Como o pôquer tem um fator sorte a curto prazo, ele permite a qualquer um se tornar campeão mundial “acidental” numa das modalidades da competição. Essa é, a meu ver, a maior beleza do jogo. Literalmente, qualquer um pode ganhar, basta o vento estar a favor. Se você tiver um par de damas na mão pode muito bem quebrar meu par de reis se eu bater uma dama e você fizer trinca. Embora, matematicamente, eu tenha 81% de chances de te derrotar.
Todos os 61 eventos dão o título e uma pulseira de campeão mundial ao vencedor. A cerimônia de premiação ocorre sempre no dia seguinte a cada vitória, no salão apinhado de jogadores – mais de 3 mil, em média –, durante o intervalo de quinze minutos obrigatório a cada duas horas de jogo. Tocam o hino nacional do seu país com direito a bandeira nacional e tudo. Você é inundada de pedidos de entrevistas, fotos, seu nome vai para o Wall of Champions, o mural dos campeões, e você pode se considerar “celebridade” do pôquer. O evento mais cintilante deste ano será o de número 61, o último, para o qual são esperadas perto de 8 mil pessoas. Quem vencer embolsa em torno de 8 milhões de dólares.
11 DE ABRIL_Um bom preparo físico é crucial para a maratona, porque você vê muito jogador bom derretendo a partir da segunda semana do Mundial. O corpo não aguenta. Você começa a ficar doente por causa das longas horas, o choque entre o calor desesperador do deserto e o ar-condicionado ártico dos salões (nas salas chega a fazer 9 graus e já cheguei a usar cachecol e luva). Se você está sarado, come só comida orgânica sem açúcar, não bebe álcool, tem um bom preparo físico e se depara numa mão às onze da noite com alguém fora de forma, que há dias janta cachorro-quente e batata frita, quem vai tomar as melhores decisões? O outro começa a duvidar das jogadas que faz, perde a autoconfiança, cai num buraco negro.

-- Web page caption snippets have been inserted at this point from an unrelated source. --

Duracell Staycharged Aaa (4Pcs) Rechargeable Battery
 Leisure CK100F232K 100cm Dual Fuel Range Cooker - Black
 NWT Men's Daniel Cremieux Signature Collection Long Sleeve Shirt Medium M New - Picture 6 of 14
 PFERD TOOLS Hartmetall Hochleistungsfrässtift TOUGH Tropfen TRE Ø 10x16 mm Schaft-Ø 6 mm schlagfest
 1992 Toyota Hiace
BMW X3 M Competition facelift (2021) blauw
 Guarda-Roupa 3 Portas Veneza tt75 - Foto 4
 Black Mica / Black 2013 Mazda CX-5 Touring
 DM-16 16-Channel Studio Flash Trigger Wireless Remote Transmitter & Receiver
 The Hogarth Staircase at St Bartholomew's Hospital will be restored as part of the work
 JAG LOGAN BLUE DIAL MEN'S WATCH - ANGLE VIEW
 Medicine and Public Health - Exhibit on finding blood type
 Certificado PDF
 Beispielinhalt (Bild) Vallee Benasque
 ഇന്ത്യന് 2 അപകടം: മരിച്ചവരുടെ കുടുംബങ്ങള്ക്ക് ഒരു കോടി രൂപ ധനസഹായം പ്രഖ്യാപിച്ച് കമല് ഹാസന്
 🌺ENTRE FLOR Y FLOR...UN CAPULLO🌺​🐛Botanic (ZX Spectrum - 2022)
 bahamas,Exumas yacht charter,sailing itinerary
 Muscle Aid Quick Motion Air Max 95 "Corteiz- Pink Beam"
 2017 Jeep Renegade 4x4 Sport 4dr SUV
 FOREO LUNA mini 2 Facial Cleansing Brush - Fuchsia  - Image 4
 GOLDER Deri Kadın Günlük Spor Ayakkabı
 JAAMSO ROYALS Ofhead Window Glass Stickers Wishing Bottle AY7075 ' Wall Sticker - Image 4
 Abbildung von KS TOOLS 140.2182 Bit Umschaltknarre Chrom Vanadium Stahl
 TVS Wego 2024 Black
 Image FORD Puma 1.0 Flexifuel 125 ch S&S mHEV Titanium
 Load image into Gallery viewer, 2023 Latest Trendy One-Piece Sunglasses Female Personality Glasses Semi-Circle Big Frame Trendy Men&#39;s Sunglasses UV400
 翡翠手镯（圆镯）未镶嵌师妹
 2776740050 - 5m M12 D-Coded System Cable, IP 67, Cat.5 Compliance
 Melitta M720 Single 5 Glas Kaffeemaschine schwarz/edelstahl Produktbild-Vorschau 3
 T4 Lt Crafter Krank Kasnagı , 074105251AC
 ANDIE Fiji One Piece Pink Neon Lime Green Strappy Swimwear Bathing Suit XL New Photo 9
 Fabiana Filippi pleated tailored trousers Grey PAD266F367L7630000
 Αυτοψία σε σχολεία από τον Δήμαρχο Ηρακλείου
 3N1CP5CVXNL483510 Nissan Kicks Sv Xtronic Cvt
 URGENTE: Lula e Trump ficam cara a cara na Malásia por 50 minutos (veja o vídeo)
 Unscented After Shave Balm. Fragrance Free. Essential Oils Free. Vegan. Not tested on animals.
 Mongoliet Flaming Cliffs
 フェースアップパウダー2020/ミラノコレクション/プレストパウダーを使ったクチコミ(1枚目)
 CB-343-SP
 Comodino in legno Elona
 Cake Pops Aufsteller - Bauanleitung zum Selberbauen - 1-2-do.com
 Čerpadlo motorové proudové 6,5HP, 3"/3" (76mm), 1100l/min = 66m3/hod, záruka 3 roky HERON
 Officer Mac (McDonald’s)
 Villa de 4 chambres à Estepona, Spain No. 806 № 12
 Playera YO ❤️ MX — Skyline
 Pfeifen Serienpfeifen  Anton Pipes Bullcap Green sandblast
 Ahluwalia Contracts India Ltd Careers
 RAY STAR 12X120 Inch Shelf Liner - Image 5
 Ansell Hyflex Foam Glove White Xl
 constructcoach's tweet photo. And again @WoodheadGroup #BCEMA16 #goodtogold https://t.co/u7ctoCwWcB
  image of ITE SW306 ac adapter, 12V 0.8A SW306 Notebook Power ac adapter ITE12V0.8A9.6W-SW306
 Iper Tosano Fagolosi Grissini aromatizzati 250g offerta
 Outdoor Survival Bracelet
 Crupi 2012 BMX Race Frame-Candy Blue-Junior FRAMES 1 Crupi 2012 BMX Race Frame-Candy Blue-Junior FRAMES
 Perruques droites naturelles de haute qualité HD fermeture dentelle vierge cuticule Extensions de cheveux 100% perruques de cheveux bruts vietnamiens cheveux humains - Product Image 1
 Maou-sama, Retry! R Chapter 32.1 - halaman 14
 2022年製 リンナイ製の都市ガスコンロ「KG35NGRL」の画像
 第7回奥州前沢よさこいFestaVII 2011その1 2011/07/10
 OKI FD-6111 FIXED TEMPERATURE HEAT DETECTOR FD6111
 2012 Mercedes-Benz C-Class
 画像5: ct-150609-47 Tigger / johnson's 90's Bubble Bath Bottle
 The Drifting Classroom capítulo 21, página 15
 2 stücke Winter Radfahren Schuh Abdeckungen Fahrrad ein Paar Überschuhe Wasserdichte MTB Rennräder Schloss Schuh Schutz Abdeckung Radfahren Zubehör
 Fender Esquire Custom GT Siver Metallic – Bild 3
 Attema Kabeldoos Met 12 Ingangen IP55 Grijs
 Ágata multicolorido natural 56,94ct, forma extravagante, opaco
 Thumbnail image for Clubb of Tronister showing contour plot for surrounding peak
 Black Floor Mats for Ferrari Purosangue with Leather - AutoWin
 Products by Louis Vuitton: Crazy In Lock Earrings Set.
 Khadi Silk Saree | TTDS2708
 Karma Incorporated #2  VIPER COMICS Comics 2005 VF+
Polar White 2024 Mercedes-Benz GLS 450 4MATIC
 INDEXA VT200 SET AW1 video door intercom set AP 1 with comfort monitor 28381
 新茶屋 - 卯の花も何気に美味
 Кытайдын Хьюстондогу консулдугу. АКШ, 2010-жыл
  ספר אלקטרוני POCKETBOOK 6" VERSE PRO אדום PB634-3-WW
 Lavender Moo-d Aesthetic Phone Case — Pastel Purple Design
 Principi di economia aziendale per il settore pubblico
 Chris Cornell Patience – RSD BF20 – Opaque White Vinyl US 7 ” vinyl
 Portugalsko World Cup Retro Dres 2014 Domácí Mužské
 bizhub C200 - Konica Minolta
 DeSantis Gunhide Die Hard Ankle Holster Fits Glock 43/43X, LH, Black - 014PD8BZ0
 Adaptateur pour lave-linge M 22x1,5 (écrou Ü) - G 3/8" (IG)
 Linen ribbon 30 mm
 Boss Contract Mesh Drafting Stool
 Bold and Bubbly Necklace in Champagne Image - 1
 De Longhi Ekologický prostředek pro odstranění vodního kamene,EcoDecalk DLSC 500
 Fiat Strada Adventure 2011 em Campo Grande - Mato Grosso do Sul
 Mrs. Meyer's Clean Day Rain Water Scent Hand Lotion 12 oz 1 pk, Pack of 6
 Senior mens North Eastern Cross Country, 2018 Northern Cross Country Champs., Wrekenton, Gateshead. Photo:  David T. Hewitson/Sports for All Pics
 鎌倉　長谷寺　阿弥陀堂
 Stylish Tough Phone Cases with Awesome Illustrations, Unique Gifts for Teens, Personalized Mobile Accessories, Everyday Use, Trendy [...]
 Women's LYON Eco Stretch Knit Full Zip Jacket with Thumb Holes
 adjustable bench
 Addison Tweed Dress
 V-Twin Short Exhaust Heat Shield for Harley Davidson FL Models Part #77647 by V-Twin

Me mantenho afiada. Treino com um personal, todas as manhãs, cedinho, não saio à noite durante o campeonato, não bebo, vivo uma vida de caserna. Nem telefone atendo para não me distrair. Já cheguei perto várias vezes, mas nunca ganhei um título. Ainda. Neste Mundial vou investir cerca de 70 mil dólares (em torneios meus, dos meus “cavalos” e de jogadores de quem compro alguma porcentagem). David deve jogar em torno de 200 mil dólares. Mas o que todo mundo quer, no fundo, é ostentar a cobiçada pulseira de campeão mundial. Chorei quando o David ganhou a dele no ano passado.
12 DE ABRIL_Estou exausta. Entrei no ritmo pesado de treino. Hoje pedalei 22 quilômetros, corri 6, fiz uma hora de ioga e joguei 900 mãos de pôquer. São onze da noite, comi menos de 1 590 calorias e estou indo dormir. Amanhã vou correr 12 quilômetros, nadar sessenta piscinas de 25 metros e pedalar 10 quilômetros. Cigarro, nunca mais! E como não bebo, não cheiro, não tomo remédio e não como açúcar, meu próximo passo é virar vegetariana. Amém.